| Recorded data |
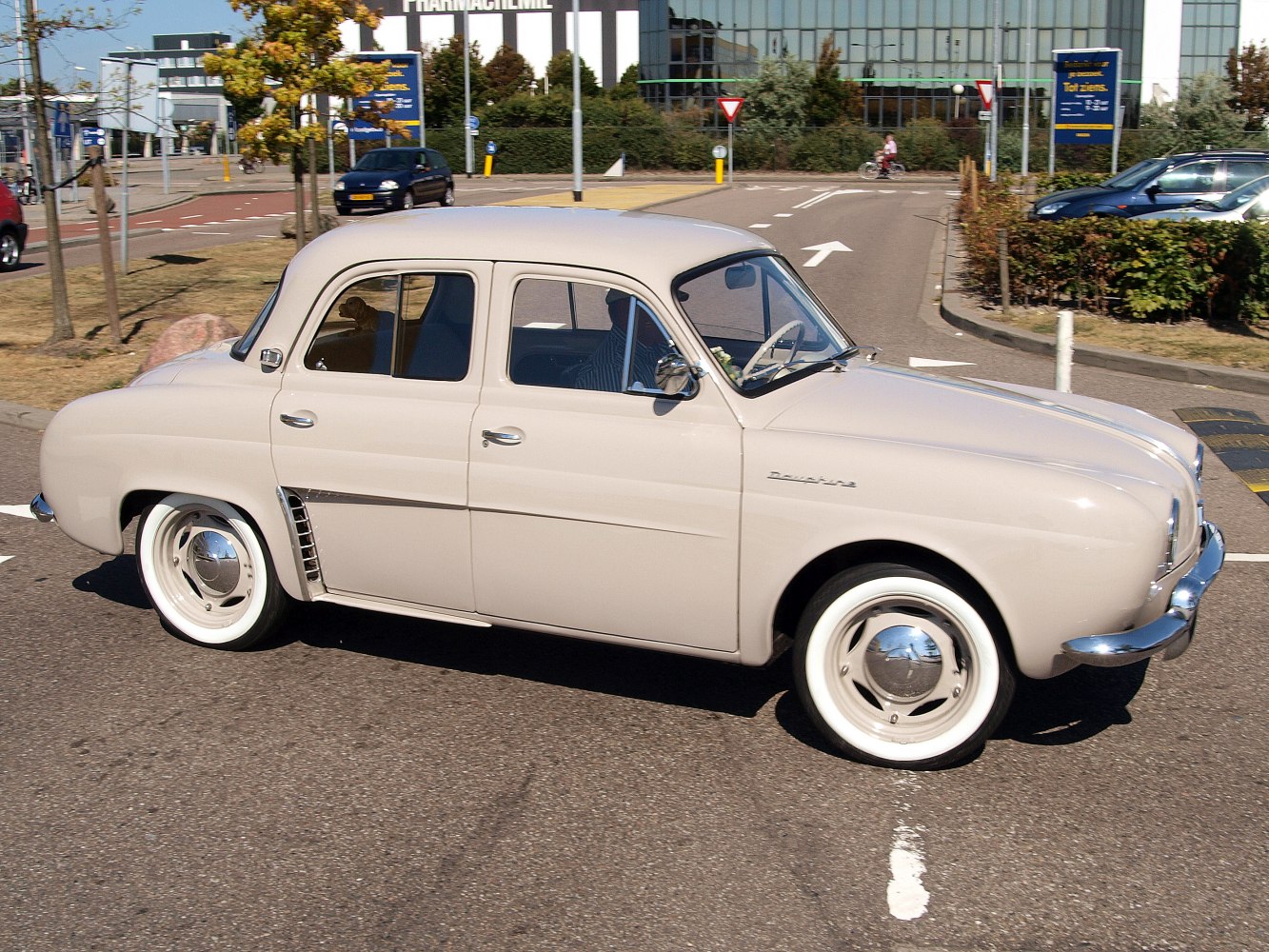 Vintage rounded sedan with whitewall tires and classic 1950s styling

* * *

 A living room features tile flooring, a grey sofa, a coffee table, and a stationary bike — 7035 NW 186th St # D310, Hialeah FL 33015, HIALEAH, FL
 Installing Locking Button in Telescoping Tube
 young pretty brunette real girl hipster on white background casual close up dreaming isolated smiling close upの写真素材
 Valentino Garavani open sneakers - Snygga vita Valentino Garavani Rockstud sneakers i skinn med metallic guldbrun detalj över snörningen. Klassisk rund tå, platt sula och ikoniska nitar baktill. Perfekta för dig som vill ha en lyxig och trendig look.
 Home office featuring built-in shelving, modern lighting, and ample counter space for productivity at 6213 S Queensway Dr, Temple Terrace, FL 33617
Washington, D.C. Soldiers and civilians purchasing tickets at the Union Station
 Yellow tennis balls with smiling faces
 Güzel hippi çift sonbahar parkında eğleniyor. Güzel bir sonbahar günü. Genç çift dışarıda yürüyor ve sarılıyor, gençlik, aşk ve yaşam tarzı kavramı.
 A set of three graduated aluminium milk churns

---

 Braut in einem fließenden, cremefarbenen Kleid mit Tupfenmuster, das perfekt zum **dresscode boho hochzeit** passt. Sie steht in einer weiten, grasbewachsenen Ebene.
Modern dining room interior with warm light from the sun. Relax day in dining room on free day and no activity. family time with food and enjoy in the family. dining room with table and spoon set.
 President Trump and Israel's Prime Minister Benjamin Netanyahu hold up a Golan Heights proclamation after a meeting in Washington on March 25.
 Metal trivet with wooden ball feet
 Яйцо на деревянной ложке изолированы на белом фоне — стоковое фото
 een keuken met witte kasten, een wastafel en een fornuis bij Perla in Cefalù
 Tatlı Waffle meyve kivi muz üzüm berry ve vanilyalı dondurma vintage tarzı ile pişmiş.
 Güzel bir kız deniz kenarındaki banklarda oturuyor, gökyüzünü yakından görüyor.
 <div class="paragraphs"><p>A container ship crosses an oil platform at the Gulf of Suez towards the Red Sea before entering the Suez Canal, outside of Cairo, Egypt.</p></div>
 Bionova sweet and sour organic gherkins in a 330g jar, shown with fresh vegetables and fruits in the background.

| Work order |
Could you reproduce exactly the lines of the entries above, from the one with "of Cairo, Egypt.</p></div>" through the one with "Bionova sweet and", and nothing else?

| The completed task |
 <div class="paragraphs"><p>A container ship crosses an oil platform at the Gulf of Suez towards the Red Sea before entering the Suez Canal, outside of Cairo, Egypt.</p></div>
 Bionova sweet and sour organic gherkins in a 330g jar, shown with fresh vegetables and fruits in the background.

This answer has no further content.